March 06, 1994|MARY HELEN BERG

Education activists in the Southeast area, angered by a recommendation to create a "super cluster" of the three local high school complexes when the Los Angeles Unified School District reorganizes, say it may be time to secede from the district.

"There are those in the area that feel we should be our own school district," said Assemblywoman Martha M. Escutia (D-Huntington Park).

The Bell, Huntington Park and South Gate high school complexes, with a combined enrollment of about 55,000, would be the largest of 24 clusters under a plan recommended by a subcommittee of the Cluster Transition Task Force and sent last week to Superintendent Sid Thompson. The next-largest cluster, combining the Manual Arts and Jefferson high school complexes in Los Angeles, would have about 43,000 students.

The community clusters, which would regroup the district's 650 campuses into high schools and their feeder campuses, are the first step of a plan to restructure the district and decentralize decision-making.

Since it is unclear how the district's resources will be distributed to the clusters, some fear that the Southeast area, where at least 94% of high school students are Latino and 55% speak limited English, could be shortchanged.

"We better get more money than any other cluster," Escutia said. "If we don't get the money to justify serving 55,000 students, the whole movement to secede is going to take on a life of its own."

"I think we could handle it a lot better locally," said Willene Cooper, chairwoman of the Southeast Area Coalition on Overcrowding.

Joyce Peyton, director of the district office of school utilization, said that if resources are distributed on a per-pupil basis, the resources would be the same as they are now.

"If we really believe that the students are best served at their local school," she said, "does it really matter who the cluster leader is and how the clusters are grouped together?"

The Southeast cluster would be equivalent to the seventh-largest school district in the state if the recommendation is followed, said Lloyd Monserratt, a spokesman for school board member Vicki Castro.

Secession would not be easy, activists acknowledged. The Southeast area is the district's most overcrowded and would need to raise money for new buildings as well as compete with Los Angeles Unified for state funds.

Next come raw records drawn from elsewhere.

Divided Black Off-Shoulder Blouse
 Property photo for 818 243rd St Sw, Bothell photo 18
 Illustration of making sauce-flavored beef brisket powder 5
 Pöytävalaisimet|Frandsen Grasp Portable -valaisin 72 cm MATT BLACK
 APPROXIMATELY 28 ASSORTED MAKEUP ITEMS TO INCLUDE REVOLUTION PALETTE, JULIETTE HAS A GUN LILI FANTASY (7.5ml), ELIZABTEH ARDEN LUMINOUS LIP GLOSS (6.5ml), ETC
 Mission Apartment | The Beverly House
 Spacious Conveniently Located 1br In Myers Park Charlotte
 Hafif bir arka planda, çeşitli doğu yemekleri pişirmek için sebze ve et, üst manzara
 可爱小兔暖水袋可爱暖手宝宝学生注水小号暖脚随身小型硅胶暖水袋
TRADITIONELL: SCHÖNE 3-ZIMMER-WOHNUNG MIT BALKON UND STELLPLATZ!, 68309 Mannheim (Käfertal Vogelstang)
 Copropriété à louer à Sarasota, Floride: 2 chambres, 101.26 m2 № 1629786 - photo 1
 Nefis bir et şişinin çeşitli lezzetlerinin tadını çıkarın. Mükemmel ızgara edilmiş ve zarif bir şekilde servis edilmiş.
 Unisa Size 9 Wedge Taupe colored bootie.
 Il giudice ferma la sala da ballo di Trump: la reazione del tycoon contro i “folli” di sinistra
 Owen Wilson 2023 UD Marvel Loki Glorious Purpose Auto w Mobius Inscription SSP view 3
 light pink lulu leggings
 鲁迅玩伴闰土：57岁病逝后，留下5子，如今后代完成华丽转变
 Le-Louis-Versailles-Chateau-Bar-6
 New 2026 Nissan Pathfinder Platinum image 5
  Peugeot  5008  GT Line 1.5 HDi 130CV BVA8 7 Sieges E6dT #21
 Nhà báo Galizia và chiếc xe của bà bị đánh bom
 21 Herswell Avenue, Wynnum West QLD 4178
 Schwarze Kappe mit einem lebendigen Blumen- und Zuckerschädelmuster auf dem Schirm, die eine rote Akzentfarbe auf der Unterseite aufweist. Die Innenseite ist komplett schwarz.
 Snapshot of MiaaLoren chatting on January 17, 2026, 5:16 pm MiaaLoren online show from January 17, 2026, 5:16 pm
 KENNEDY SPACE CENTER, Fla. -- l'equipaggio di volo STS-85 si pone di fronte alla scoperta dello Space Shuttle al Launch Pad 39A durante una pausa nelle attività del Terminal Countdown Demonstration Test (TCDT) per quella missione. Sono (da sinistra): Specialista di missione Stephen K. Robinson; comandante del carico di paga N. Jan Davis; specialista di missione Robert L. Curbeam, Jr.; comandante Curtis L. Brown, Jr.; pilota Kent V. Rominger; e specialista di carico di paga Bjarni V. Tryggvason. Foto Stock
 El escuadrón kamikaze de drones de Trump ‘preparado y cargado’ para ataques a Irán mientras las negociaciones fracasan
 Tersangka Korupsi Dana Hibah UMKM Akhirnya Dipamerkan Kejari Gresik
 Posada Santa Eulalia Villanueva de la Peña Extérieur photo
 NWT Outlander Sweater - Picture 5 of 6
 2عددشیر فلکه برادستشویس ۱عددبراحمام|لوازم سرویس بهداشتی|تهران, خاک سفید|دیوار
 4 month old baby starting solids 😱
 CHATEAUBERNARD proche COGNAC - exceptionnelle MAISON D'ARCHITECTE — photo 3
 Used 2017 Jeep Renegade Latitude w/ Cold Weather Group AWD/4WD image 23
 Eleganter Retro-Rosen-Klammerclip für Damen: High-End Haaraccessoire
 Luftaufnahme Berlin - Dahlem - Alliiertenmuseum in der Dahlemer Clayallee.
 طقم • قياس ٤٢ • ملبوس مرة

Any effort to secede would need to begin with caution and a feasibility study, Escutia said.

Castro, Cooper and Escutia support an alternative plan proposed by the Latino Leadership Coalition for Education that would break Southeast schools into three clusters.

But not everyone is against the idea of a "super cluster." Huntington Park Principal Tony Garcia said many of his colleagues feel it is best to begin with a united Southeast cluster. "We stand a good chance of working together because we have worked together in the past," he said. If the "super cluster" failed, he said, the three high school complexes could become separate clusters later.

The superintendent is to send his recommendation on clusters to the school board in mid-April. The district hopes to implement the cluster proposal by July.